Aside from technological advantages, there seems to be an ideological divide at work, too. The political blog world is arguably more conservative than liberal, though there is a sizable contingent of liberal blogs. But these liberal blogs function more like the old media than do their conservative Internet brethren. While blogs such as Power Line and Little Green Footballs and Instapundit were chasing the CBS story, interviewing experts, posting material as they found it--whether or not it supported the case against CBS--many of the liberal blogs went into entrenched-partisan mode.

With the exception of the September 10 Daily Kos, few, if any, liberal blogs contributed any facts to the CBS debate. Few tried to unearth new information; many tried to change the subject; most insisted that there was no reason to believe the memos were forgeries until quite late in the game. Those who rationally weighed the evidence, like the Washington Monthly's Kevin Drum and Josh Marshall's Talking Points Memo ("There's a word, though, for these sorts of recreations, if that's what they are: forgeries"), were pummeled by the commenters on left-wing blogs.

On September 14, blogger Matthew Yglesias finally conceded that the documents were probably forged. In a fit of pique, he sought to deny bloggers any credit. "They didn't break the story," he blogged. "The stuff they posted . . . was all wrong." Besides, Yglesias noted in a later item, "Nothing important about Bush's National Guard record hinges on the accuracy of those memos." Nick Confessore agreed, blogging, "We don't need the CBS memos to know" that Bush is guilty. They were aping the line the Los Angeles Times editorial page eventually took: "Whatever the truth, CBS' real error was trying to prove a point that didn't need to be proved. It doesn't take documents for anyone to realize that Bush pulled strings to get into the National Guard." Or, in the now immortal phrase of a New York Times headline writer on September 15, "Memos on Bush are Fake But Accurate . . ."

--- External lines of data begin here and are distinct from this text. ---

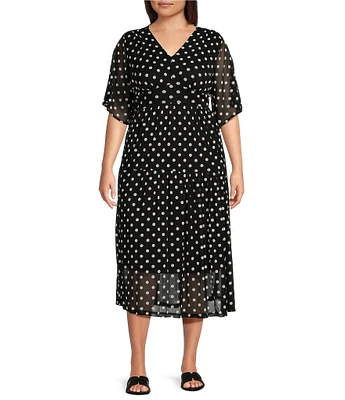 Calessa Plus Size Stretch Mesh Polka Dot Print V-Neck Flutter Sleeve Tiered Hem Midi Dress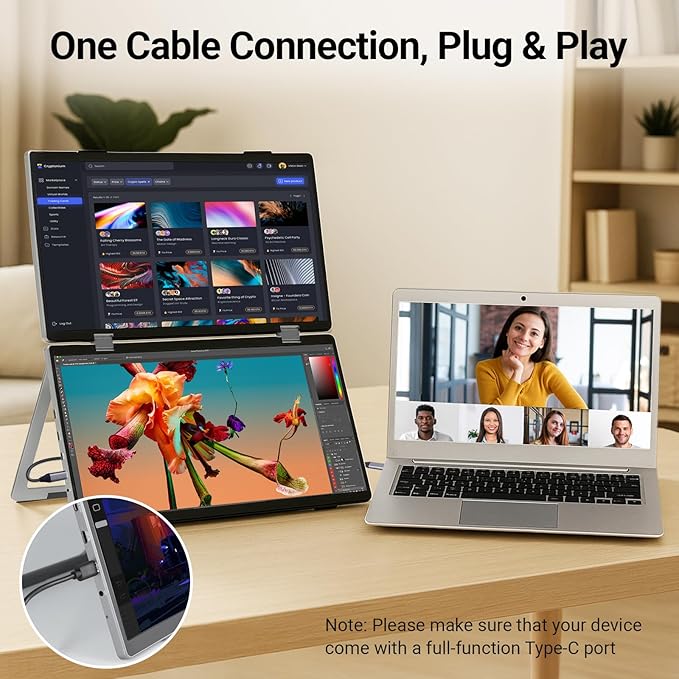 ELECROW Laptop Screen Extender 15.6" 1080P Dual Portable Monitor, USB C HD 360° Rotation Foldable Travel Extended Computer Display with Stand for Laptop PC Windows Mac, VESA Mountable (Plug & Play)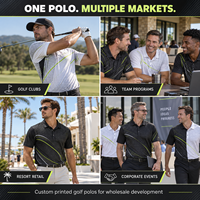 Polo de golf imprimé graphique en gros pour hommes, en jersey polyester élasthanne, anti-humidité, à manches courtes, chemise de sport, vêtements décontractés OEM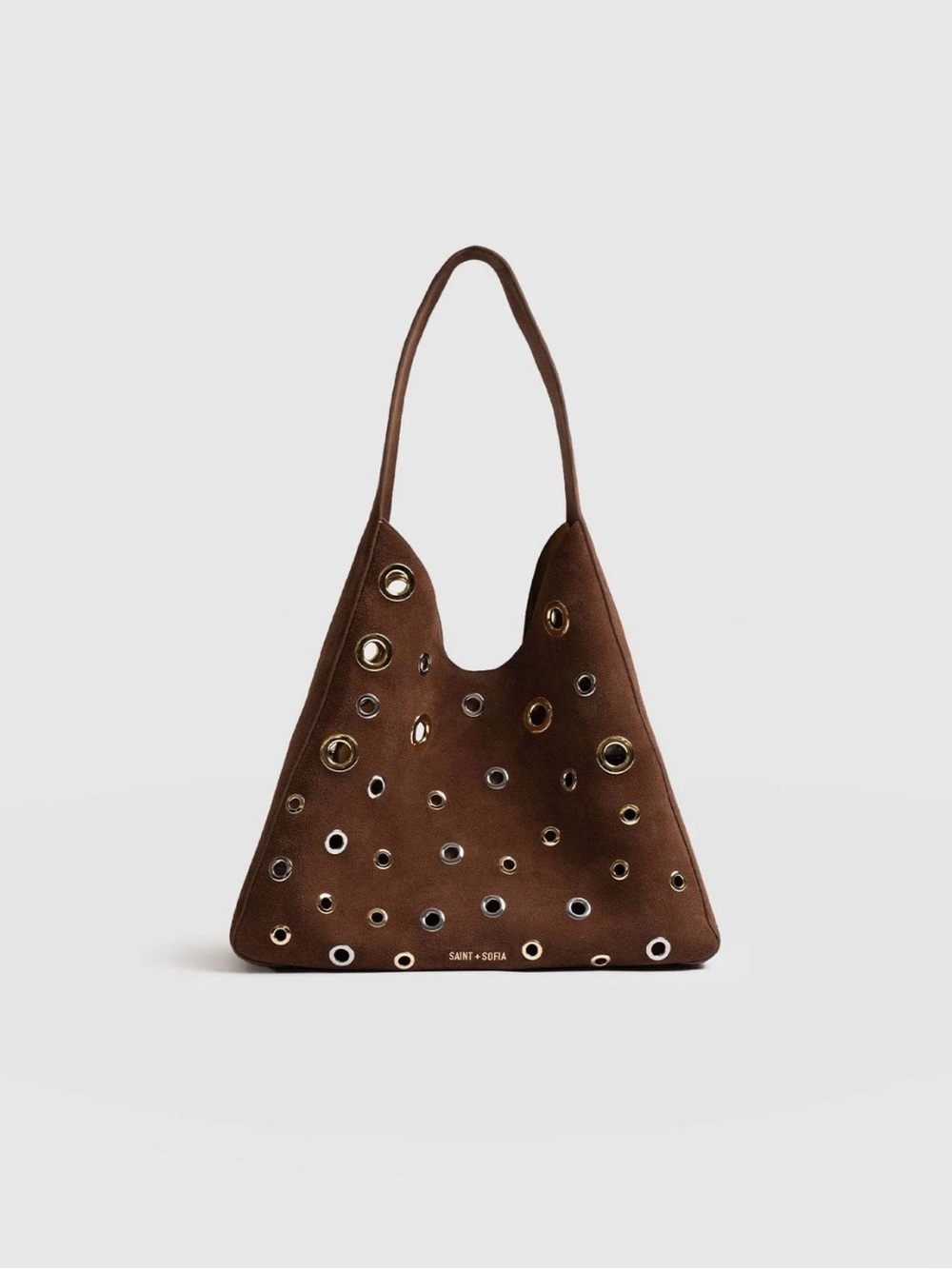 Saint + Sofia Brown Suede Allana Eyelet Bag with dust bag (wore just once) - Picture 7 of 8
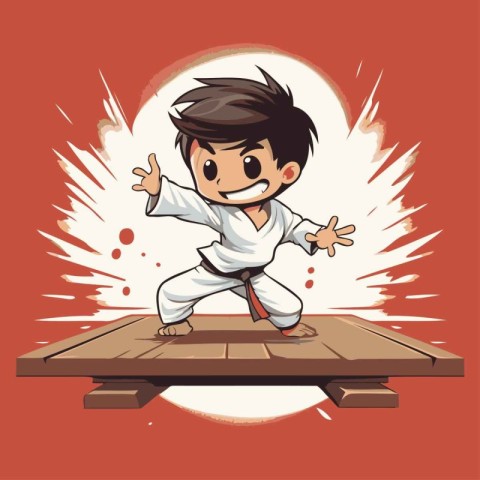 Karate karate boy on the wooden platform. Vector illustration.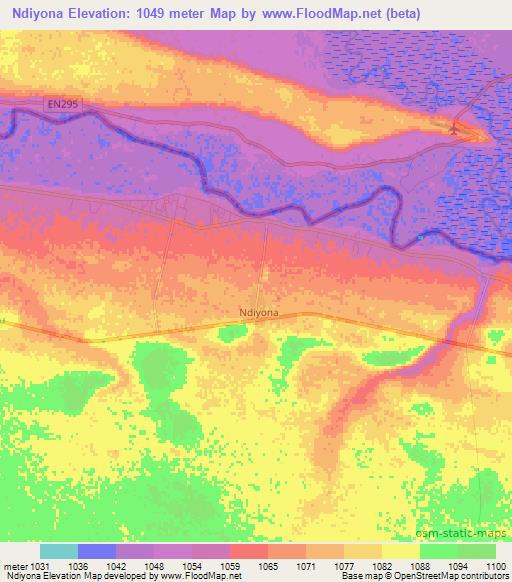 Ndiyona,Namibia Elevation Map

Despite all this, there were still lefty bloggers out in the fever swamps who refused to believe that the documents had been forged. Lindsay Beyerstein continued making attacks on the Washington Post blockbuster and then, when they came forward, on the document experts who told CBS not to use the memos. "Notice how this bullshit comes in waves?" Beyerstein sneered. "One claims that she sent an email to CBS urging them not to go ahead with the story because she had doubts about the memos' authenticity. I'd like to see that email."

The Internet is filled with all sorts of crazy stuff these days. Just ask Dan Rather.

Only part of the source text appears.